Infatti a margine delle Olimpiadi Miller ha incontrato a Sochi il CEO della Shell, Ben van Buerden, con cui ha firmato un accordo per la produzione di gas naturale con il progetto "Sakhalin II". Gestito dalla compagnia Sakhalin Energy, il cui 50% della proprietà è di Gazprom, il 27.5% di Shell, il resto in mano a partner asiatici, il progetto è basato sull'omonima isola russa a nord del Giappone. Le stime iniziali parlavano di un deposito di 563 miliardi di metri cubi, ma ora il volume totale è salito a 682 miliardi, il che ha permesso nel 2013 l'estrazione di quasi 11 milioni di tonnellate di gas naturale liquido e di 5.4 milioni di tonnellate di petrolio. A Sochi Miller ha fatto un altro incontro, non fortuito: trattasi di Dusan Bajatovic, Direttore Generale della compagnia serba Srbijagas, con cui ha fatto il punto della situazione nella costruzione, già a buon punto, del gasdotto South Stream.
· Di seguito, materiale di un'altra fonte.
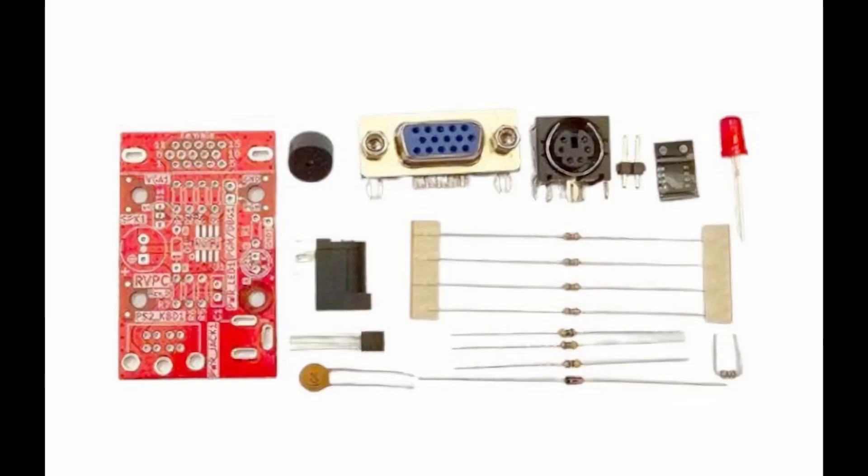Meet the RVPC, the RISC-V personal computer, an incredibly ambitious project from Alamex.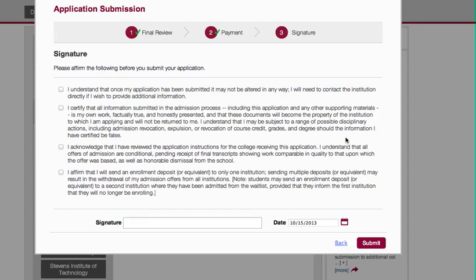So now you go to Continue and you will get to the Signature page. You're going to click that you understand that once it's been submitted, you cannot alter it in any way for that particular institution. The Common Application allows you to make two additional changes — so you get three different versions — but you cannot change it once you've submitted it to a specific school. You're going to click on all of that, type in your name, and then it gives you the date.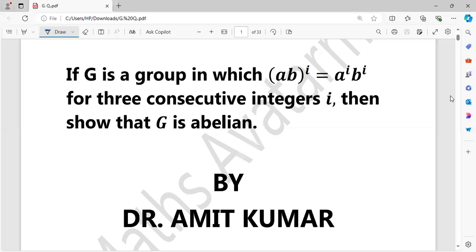If in a group (ab)^i is equal to a^i times b^i for three consecutive integers i — meaning this equation holds for three consecutive integers — then G is going to be an abelian group.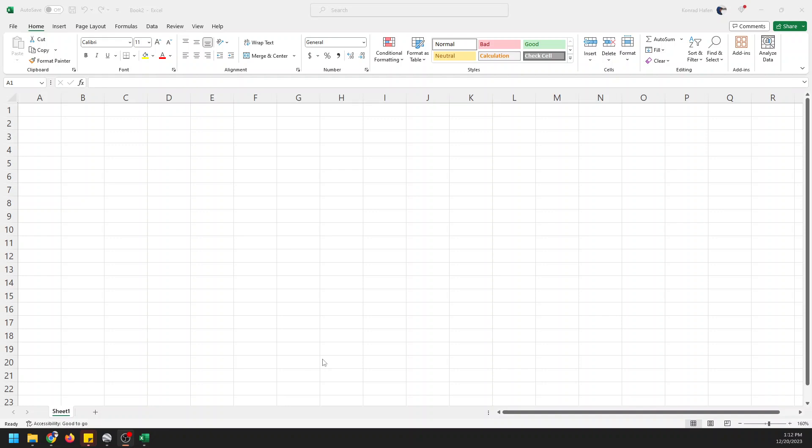I want to show you maybe the easiest way available to make a map, and it is using Microsoft Excel. I know this is supposed to be an open source channel and Excel is not open source, but it's something that probably most of you use regularly, so we're still going to cover it because it could be powerful for your use case.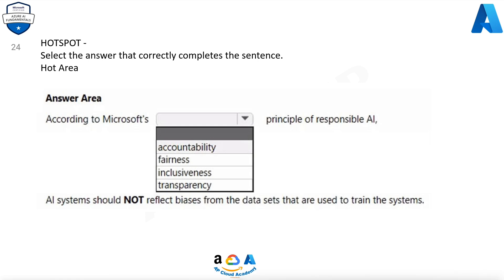Question 23. To complete the sentence, select the appropriate option in the answer area. Hot area.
Il faraonico progetto dovrebbe portare il gas direttamente dalla Russia in EU attraverso il Mar Nero e via Bulgaria e Balcani, senza alcun tramite extracomunitario, arrivando in Austria e in Puglia. Proprio la Serbia, storicamente protetta dal Cremlino, ma recentemente molto vicina all'UE, dà grandi soddisfazioni a Miller, visto che la sezione serba del gasdotto, cominciata a fine 2013, dovrebbe essere ultimata l'anno prossimo. Insomma, da un'eventuale escalation della situazione in Ucraina hanno da perderci tutti, in termini economici: dall'Ucraina stessa, alla Russia, fino all'Unione Europea. Ma soprattutto ha da perderci Gazprom, a cui conviene che in Crimea non ci sia nemmeno uno starnuto.